Input data:

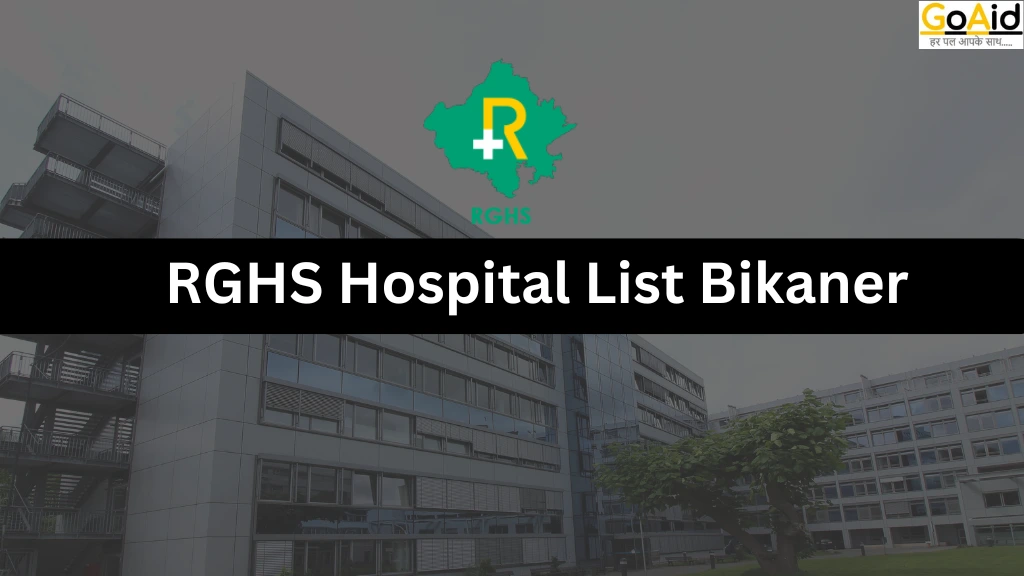 Rghs Hospital List Bikaner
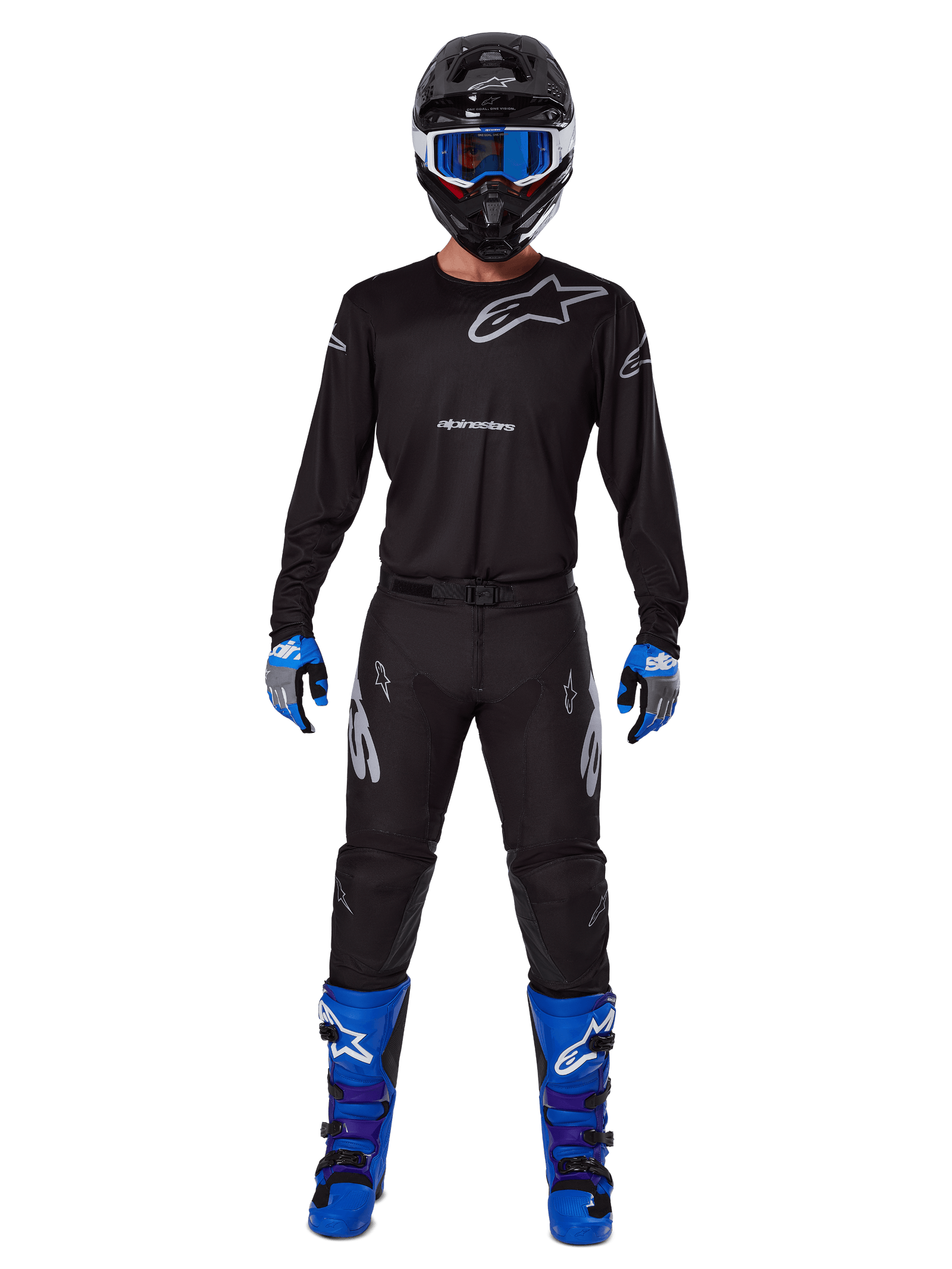 Tenue Cross Complète Racer Graphite 2025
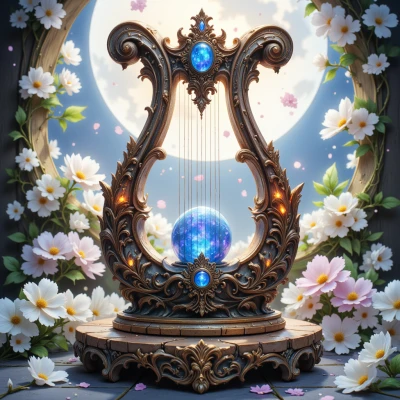 Moonlit Lyre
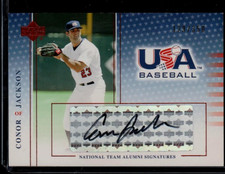 Conor Jackson 2005 UD USA Baseball Alumni Signatures RC Auto 129/350 Mint+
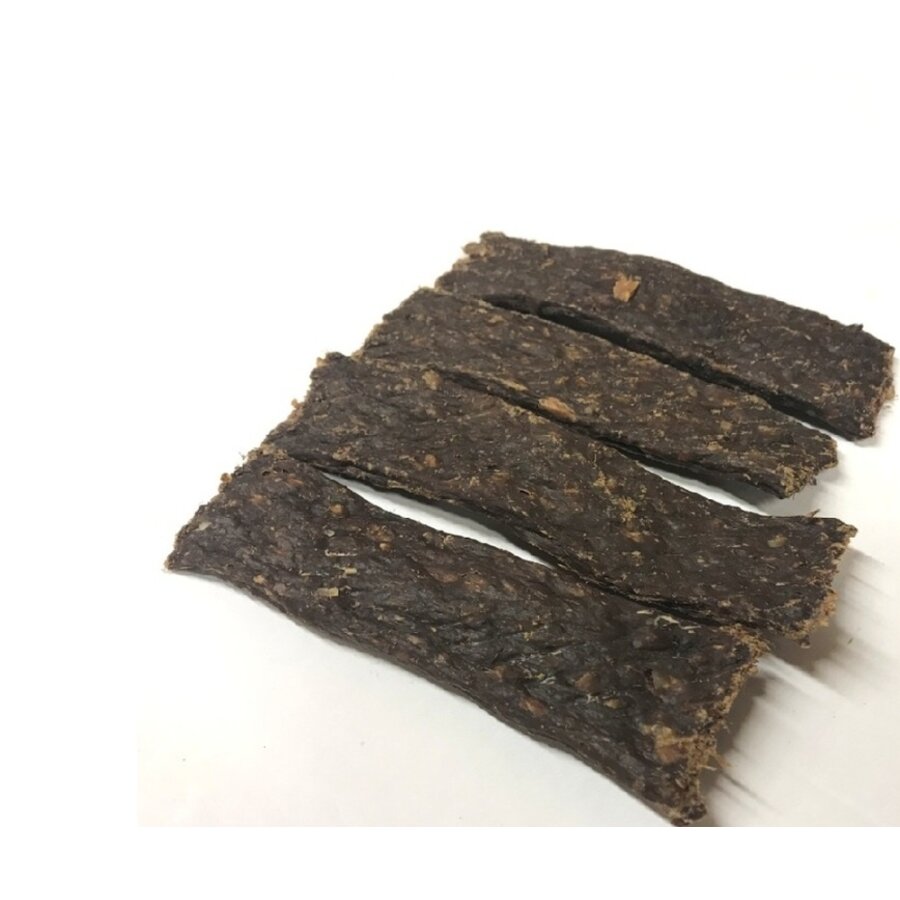 Wildzwijn vleesstrips 100 gram | 100% vlees | hypoallergeen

Problem statement: From the line that contains "Moonlit Lyre" to the last line of the data above, inclusive, transcribe every line exactly and only those lines, omitting pictures.

Written response:
 Moonlit Lyre
 Conor Jackson 2005 UD USA Baseball Alumni Signatures RC Auto 129/350 Mint+
 Wildzwijn vleesstrips 100 gram | 100% vlees | hypoallergeen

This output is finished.